Una noche, mi marido hizo un comentario que me cimbró, que movió todas las fibras en mi interior y prácticamente me sacó todo el aire, al punto de no poder respirar. “Yo creo que nos vamos a quedar a vivir en Santa Barbara definitivamente” –dijo pensativo. “Ya estamos aquí y es mejor que nos quedemos por nuestras hijas y por nosotros. El aire es más limpio, hay mucha más seguridad, el tráfico no es un problema y la calidad de vida es superior.” Yo le escuchaba como a la distancia. El esperaba una respuesta, pero mi mente era un torbellino que no me permitía formular palabra alguna. Sabía que él tenía razón, pero no quería seguirle escuchando. Mis ojos lloraron por días enteros, mientras mi mente y mi corazón sangraban hasta quedar secos.

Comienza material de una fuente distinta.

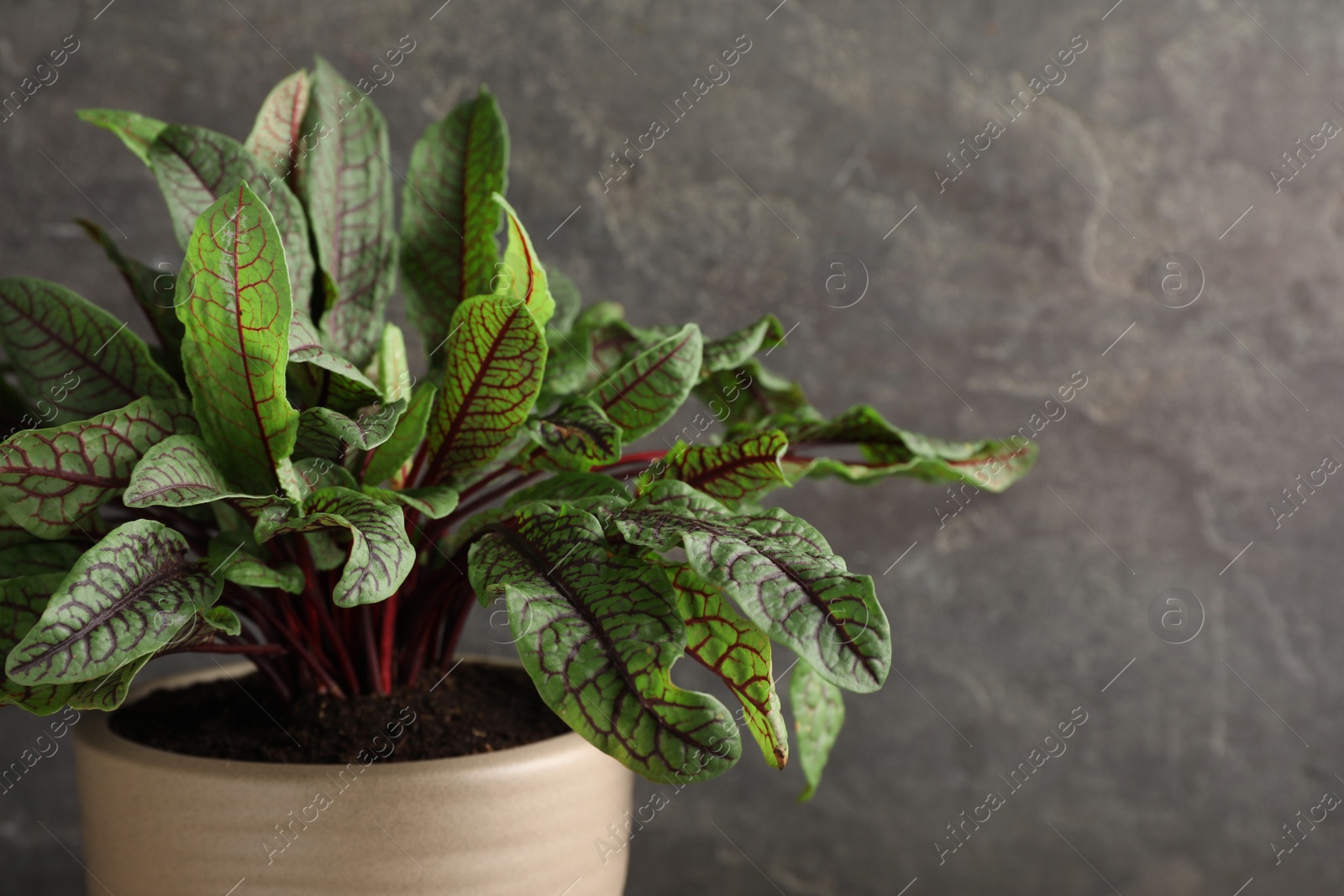 Photo of Sorrel plant in pot on grey background, closeup. Space for text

Sorpresivamente, todo ese dolor sirvió para algo. Terminé de llorar el pasado y comencé a aceptar mi nueva realidad.
Por cinco años me había sentido como si estuviera parada sobre una grieta muy profunda con un pie en cada lado. Era como si en cualquier momento me fuera a tragar la tierra. A partir de esa noche, todo fue diferente. Me dí cuenta que por fin había logrado poner los dos pies del mismo lado, en tierra sólida y que por fin podía comenzar a caminar con paso firme y así lo hice.

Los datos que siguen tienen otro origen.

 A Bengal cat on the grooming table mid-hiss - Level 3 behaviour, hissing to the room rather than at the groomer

Quise compartir esta historia para brindar un rayito de esperanza a todas aquellas personas que han pasado o están pasando por una situación similar a la que yo pasé. Cuando estamos en este país pensando solo en volver al nuestro, estamos haciendo imposible nuestra vida y nuestro progreso aquí. Si trabajamos nada más para juntar algo de dinero y regresarnos a vivir a nuestra tierra, al poco tiempo tendremos que volver acá para juntar más dinero, pero como nos fuimos, al volver tendremos que comenzar desde abajo y eso se convierte en el cuento de nunca acabar.
Es más fácil adaptarnos y tener una mejor vida aquí, que quedarnos atorados en un ir y venir que no nos permite avanzar ni aquí ni allá. De cualquier modo, adaptarnos no significa que olvidemos nuestra patria, ni a los seres queridos. No estamos dándole la espalda a nada ni a nadie. Simplemente, nos estamos forjando un futuro mejor y nadie nos puede condenar por ello.
Adaptarse no es olvidar, adaptarse es darse a uno mismo la oportunidad de progresar.